Quante volte ci lamentiamo dell’inaffidabilità delle previsioni meteo? Soprattuto in situazioni forte instabilità atmosferica è facile che i metereologi si sbaglino, per non parlare poi delle previsioni a lunga distanza: oltre i due o tre giorni il margine di errore sale in modo significativo, tanto che per molti non ha alcuno senso prendere in considerazione questo tipo di previsioni. Tuttavia è in arrivo un’importante novità che promette di rivoluzionare la meteorologia a cui siamo abituati, portandoci previsioni molto più affidabili e finalmente fino a 7 giorni di distanza.
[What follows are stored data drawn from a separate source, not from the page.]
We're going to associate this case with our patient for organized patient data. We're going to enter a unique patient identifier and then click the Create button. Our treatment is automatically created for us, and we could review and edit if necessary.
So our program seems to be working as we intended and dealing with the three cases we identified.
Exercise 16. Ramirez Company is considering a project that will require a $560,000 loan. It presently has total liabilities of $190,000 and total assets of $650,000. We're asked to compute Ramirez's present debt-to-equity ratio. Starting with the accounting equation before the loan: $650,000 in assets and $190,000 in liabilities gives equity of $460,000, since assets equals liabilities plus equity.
Questo eccezionale risultato è atteso grazie al lancio di Aeolus, un nuovo satellite sviluppato dall’Agenzia Spaziale Europea (Esa), completato nello stabilimento dell’Airbus Defence and Space a Tolosa, che vede anche la partecipazione italiana con lo sviluppo di uno strumento laser che permetterà di inseguire i venti e di studiare nubi e atmosfera inviando a Terra dati ogni tre ore. Al momento è solo un dimostratore scientifico con una vita operativa prevista di tre anni, ma getterà sicuramente le basi per avere previsioni meteorologiche sempre più accurate.
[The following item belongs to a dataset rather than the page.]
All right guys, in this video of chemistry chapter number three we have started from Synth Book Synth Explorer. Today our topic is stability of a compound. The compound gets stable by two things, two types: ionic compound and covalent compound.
Una sfida scientifica complessa

“Non è una missione operativa, che richiederebbe più satelliti e continuità, ma Aeolus raccoglie una sfida scientifica complessa”, ha spiegato il direttore dei programmi di Osservazione della Terra dell’Esa, Josef Aschbacher. La fase di test a terra è stata completata nella struttura della Airbus e a metà giugno lascerà Tolosa per raggiungere la Spagna. Poi via nave raggiungerà la base europea di Kourou, nella Guyana Francese, dove il 21 agosto è previsto il lancio nello spazio con il razzo Vega. La novità più rilevante è rappresentata dallo strumento laser chiamato Aladin (Atmospheric LAser Doppler INstrument); si tratta di un lidar, una sorta di radar che invia impulsi laser per raccogliere dati che permettano per ricostruire il profilo dei venti, la loro composizione e le altezze alle quali si muovono, la dinamica dell’atmosfera e le caratteristiche delle nubi, la composizione delle molecole e dell’aerosol, con le particelle e polvere e gocce di acqua nelle nuvole.

Il viaggio di Aeolus

Il viaggio in mare durerà dieci giorni e poi comincerà la campagna di lancio a Kourou, della durata di otto settimane. “È la prima volta che uno strumento del genere vola nello spazio”, hanno sottolineato dall’Esa, spiegando che la prima fase di test per la validazione in orbita avverrà tra ottobre e gennaio, una seconda fase è in programma fino a gennaio 2019, quindi il satellite sarà pienamente operativo fra marzo e aprile 2019. particolare è anche l’orbita alla quale lavorerà Aeolus, che a differenza degli altri che si trovano alla quota di circa 800 chilometri, sarà a circa 320 chilometri, con 16 passaggi al giorno al ritmo di 1 ogni 90 minuti. Anche per questo i dati che invierà a Terra ogni tre ore consentono una maggior precisione nelle previsioni meteo.